Master and reference data management is much more than a technical solution. It is a combination of data integration, metadata management, data governance, and enterprise data architecture that provides information about an organization’s core business concepts
Master data management (MDM) has been identified as technology which will help organizations standardize their data about core business entities (e.g., customer, product, employee, etc.). Sounds good – but wait. Didn’t organizations try to achieve these benefits with enterprise resource planning (ERP), data warehousing (DW), and customer relationship management (CRM), just to name a few? What went wrong? All too often, these data integration initiatives put too much emphasis on technology and not enough focus on basic data management principles, such as data governance, enterprise information management, enterprise data modeling, data administration principles, and master metadata management.

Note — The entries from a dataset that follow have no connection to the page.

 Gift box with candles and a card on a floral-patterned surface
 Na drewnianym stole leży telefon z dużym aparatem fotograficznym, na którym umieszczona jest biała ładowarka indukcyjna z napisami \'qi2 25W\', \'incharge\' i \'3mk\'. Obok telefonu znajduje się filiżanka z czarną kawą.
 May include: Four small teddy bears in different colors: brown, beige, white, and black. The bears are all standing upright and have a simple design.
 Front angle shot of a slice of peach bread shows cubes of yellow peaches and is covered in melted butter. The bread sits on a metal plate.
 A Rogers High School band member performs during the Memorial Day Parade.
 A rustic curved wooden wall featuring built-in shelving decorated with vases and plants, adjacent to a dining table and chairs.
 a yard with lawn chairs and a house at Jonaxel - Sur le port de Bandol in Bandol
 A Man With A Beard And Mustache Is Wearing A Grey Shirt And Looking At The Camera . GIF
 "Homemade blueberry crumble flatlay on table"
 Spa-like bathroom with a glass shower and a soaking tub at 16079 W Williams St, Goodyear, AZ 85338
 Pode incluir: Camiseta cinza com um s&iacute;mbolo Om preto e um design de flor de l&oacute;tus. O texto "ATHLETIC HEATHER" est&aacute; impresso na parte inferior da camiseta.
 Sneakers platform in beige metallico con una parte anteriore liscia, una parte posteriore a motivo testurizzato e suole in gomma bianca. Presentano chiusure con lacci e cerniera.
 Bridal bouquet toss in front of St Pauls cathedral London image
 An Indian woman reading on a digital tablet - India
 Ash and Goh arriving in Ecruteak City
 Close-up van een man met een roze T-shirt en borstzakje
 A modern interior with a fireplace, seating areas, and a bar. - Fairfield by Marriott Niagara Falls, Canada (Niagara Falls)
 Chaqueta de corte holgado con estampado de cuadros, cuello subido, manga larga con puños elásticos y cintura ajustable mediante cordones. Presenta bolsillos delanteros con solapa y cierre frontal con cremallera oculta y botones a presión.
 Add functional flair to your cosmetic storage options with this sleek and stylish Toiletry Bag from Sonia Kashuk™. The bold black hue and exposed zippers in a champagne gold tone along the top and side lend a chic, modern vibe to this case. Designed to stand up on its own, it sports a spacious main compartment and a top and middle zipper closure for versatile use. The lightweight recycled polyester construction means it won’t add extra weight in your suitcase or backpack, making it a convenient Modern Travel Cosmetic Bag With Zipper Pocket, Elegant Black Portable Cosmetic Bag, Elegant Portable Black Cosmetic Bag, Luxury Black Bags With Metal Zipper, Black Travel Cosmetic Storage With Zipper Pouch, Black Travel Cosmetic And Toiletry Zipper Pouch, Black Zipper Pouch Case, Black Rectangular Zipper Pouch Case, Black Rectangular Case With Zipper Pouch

Silver Bullet Technology Solutions
In the 1990’s, a major data integration attempt on the operational side was enterprise resource planning (ERP). The ERP vendors sold their products with the promise to integrate operational data, eliminate (or at least reduce) redundancy, increase consistency of reporting through increased data quality, and make reporting and system maintenance easier. In reality, ERP conversions turned out less than perfect. Most project teams had less than 24 months to study the complexities of their ERP product and to convert their legacy systems. In addition, project teams were staffed with technicians who had neither the time nor the knowledge of disciplines, methods, policies, procedures, and infrastructure necessary for true data integration. As a result, ERP initiatives were simply traditional system conversions with no cross-organizational integration activities and no data management principles applied during the conversion process.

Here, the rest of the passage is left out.